Der UN-Nachhaltigkeitsgipfel in Rio startet am kommenden Mittwoch. Zehntausende Vertreter aus Politik, Wirtschaft und Zivilgesellschaft beraten dabei über drängende Probleme im Bereich Umwelt, Ressourcen und Klima und neue Wege für eine nachhaltige Entwicklung. Für die österreichische Regierung nehmen Umweltminister Nikolaus Berlakovich und Außenamts-Staatssekretär Wolfgang Waldner an dem Gipfel teil.

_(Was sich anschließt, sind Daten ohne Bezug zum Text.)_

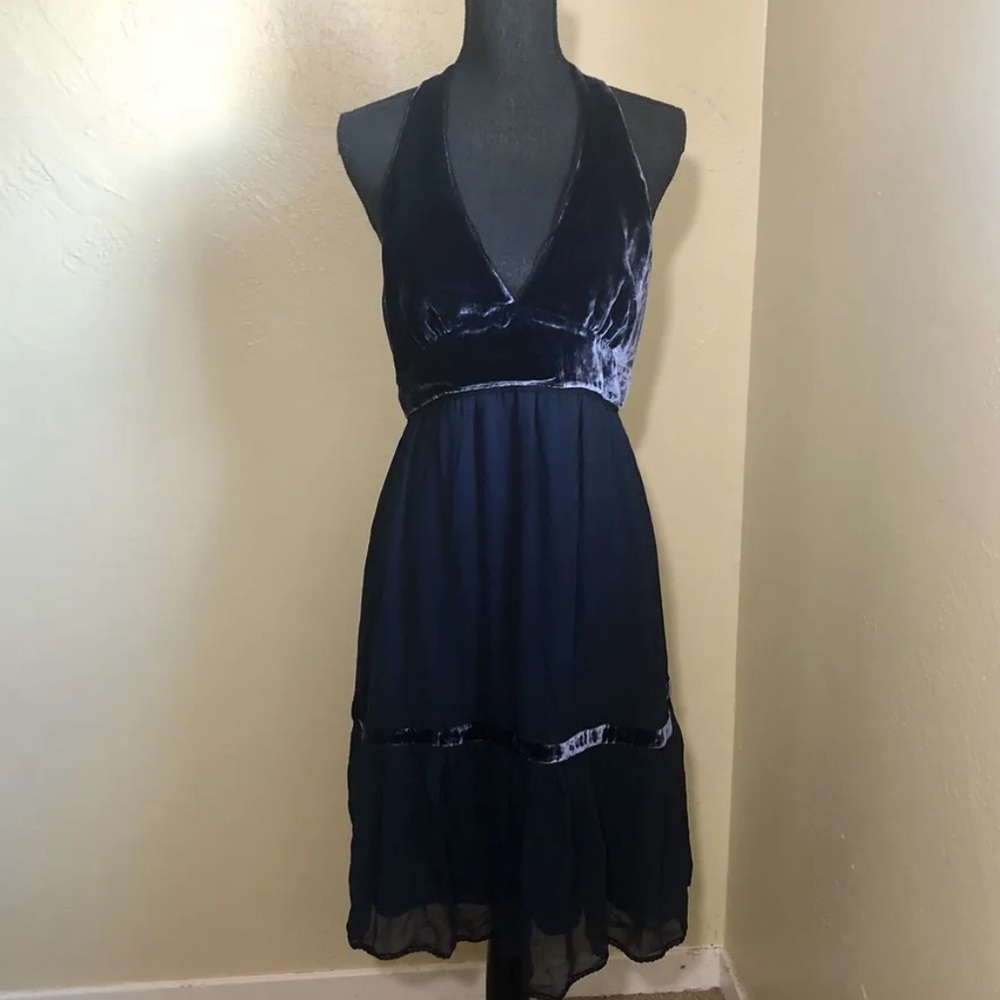 Y2K BCBG Max Azria Blue Velvet Bodice Halter Dress M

Die Staatengemeinschaft will sich beim Gipfel auch auf einen Fahrplan für die Zeit ab 2015 verständigen. Dann laufen die acht UN-Millenniumsziele aus dem Jahr 2000 aus, die unter anderem vorsahen, bis 2015 die Zahl der Hungernden weltweit zu halbieren.
Für die Zeit nach dem Ablauf der "Millennium-Entwicklungsziele" müsse sich die internationale Staatengemeinschaft auf Nachfolgeziele verständigen, die den Kampf gegen den Hunger in den Mittelpunkt stellen, betonte Caritas-Präsident Küberl. Weltweit leiden seinen Angaben zufolge nach wie vor 925 Millionen Menschen an Hunger. 7.000 Kinder sterben täglich an den Folgen von Hunger und Unterernährung. Eine Zukunft ohne Hunger müsse daher "oberste Priorität der politischen Entscheidungsträger werden", so Küberl.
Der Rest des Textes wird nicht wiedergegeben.